Local venture cap/tech blogger
Paul Kedrosky recent posted that:
Larry Ellison has allegedly cooked up a plan to do a wide-ranging roll-up of companies in the open-source space. Not just JBoss, but a host of others, from Spikesource to Zend, and more inbetween. About the only sizable o/s company left standing would be Red Hat.
Perhaps Oracle is planning to assimilate a chunk of the Free Software/Open Source companies?
This may be an effective short term strategy to preserve Oracle's revenue - if Oracle's customers are uncertain enough, they won't risk switching away from Oracle's products.
Consider Oracle's general strategy in this area in the last five years. When it comes to Free Software/Open Source products, they:
- praise and support the FS/OS software products that give them an edge over their competitors and ...
- spread FUD about the FS/OS products that compete with them
Anyone remember this gem from an interview with Larry Ellison in late 2002?
[Larry is speaking about Free/Open DBMS at this point in time.]
It's not just scale. There's no security. [There's no] scalability, security, or reliability. If you give up any of those, you can't do this. Another reason you'd be out of your mind to use them is because you'd have to buy twice as much hardware. We run, I don't know, ten times, a hundred times faster than they do on the same hardware.
(Linux's Proprietary Booster, Linux Magazine, November 2002)
In just a few sentences, Larry runs the gamut from "possibly accurate" to "demonstrably out-to-a-ten-martini-lunch".
Oracle has gotten more sophisticated in their approach in the last few years.
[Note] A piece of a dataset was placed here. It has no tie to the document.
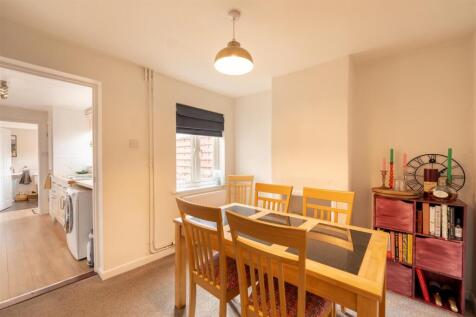 Dining Room .jpg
Buying up a core part of MySQL's technology stack was a great move on their part, though MySQL did
a plausible job of pointing out that Oracle tipped their hand in the purchase.
In the long term, unless Oracle undergoes a miraculous change in culture,
Borging up a whack of FS/OS companies will just end up removing these companies from the market and will encourage the growth of strategies that can serve customers but not get scooped by the big players.